Some of these replies point players to the game's official Discord server to help them find "further ideas from other players" which… is not exactly what you want to hear. I was talking to fellow PC Gamer writer Joshua Wolens about this, and he put it so well I'm going to quote him here: '[it's like saying] we're not sure what's fun in our game, but these guys are putting their heads together over here and maybe they'll figure it out.'
Several reviews target Starfield's infamous, numerous loading screens, which shoot the fantasy of exploring space dead for some players. Here is what Bethesda thinks about that: "While there may be loading screens in between fast travelling, just consider the amount of data for the expansive gameplay that is procedurally generated to load flawlessly in under 3 seconds. We believe that shortcoming will not hinder our players from getting lost in the world we created."
A separate reply from the developer also puts forward the idea that fast travel "has its perks", since you "will always be given a visual of your ship launching and landing, thus being able to appreciate all the little details that make your customised ship look unique." You can customise your own loading screen. That's the rebuttal, here. In the same response, the developer also re-uses the "that's not boring" line I brought up last week.
It should be pointed out that Bethesda has done this sort of thing before, and are in fact still doing it with Fallout 76. I know less about this game and its issues, so I'm not going to speak to whether the response makes fair points or not, but the talking points are being similarly recycled. In fairness, most of 76's replies are just pointing reviewers to Discord servers or offering actual gameplay hints, which is still not great, but I can at least see the strategy there.
But with Starfield, I genuinely don't see the advantage. I am scratching my head. If I'd put 100 hours (heck, even 10) into a game and felt disappointed, getting a rote response like this would put me off Bethesda's catalogue entirely.

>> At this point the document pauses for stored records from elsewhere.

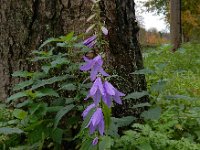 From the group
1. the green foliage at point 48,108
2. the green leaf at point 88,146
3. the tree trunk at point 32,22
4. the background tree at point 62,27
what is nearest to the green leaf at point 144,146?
the green leaf at point 88,146

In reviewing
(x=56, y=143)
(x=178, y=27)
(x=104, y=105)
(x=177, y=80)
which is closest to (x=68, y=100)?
(x=56, y=143)

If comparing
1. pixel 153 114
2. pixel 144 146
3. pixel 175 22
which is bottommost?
pixel 144 146

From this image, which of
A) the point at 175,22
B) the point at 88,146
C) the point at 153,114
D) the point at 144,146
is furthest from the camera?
the point at 175,22

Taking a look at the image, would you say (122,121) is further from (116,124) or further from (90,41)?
(90,41)

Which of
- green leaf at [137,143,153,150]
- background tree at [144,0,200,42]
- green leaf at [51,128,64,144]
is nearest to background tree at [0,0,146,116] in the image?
green leaf at [51,128,64,144]

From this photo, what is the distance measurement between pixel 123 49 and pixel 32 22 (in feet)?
2.48

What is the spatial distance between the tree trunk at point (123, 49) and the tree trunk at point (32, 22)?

It's said the road to hell is paved with good intentions, and perhaps these replies to Starfield reviews are just that. If Bethesda's usual response to disgruntled players is to offer them alternatives—places to go, things to do—I can see how that intent could warp into… this.
It's also applying a very typical social media tactic, where companies will interject with ways to help annoyed customers. But it doesn't work with a game like Starfield because the problem isn't a quickly solved one, like 'please fix my internet' or 'my package has vanished and your customer support sucks'. Bethesda can't really offer a solution that isn't updating the game, and these replies don't have the Fallout 76 ones' specificity, so it comes off more like a great big 'um, actually'.
I wish Starfield was the game we were all wanting it to be, but it just isn't. If these responses were well thought-out, if they showed some degree of grace, if they admitted that certain parts of the game weren't great but were being worked on, then that'd be fine. It might even repair some goodwill, even if those replies were copy-pasted.
As it stands, though, even if you adore Starfield, these replies are downright embarrassing. I can't help but find myself wishing the poor person(s) saddled with whipping these responses up would be given the sweet mercy of being able to log off.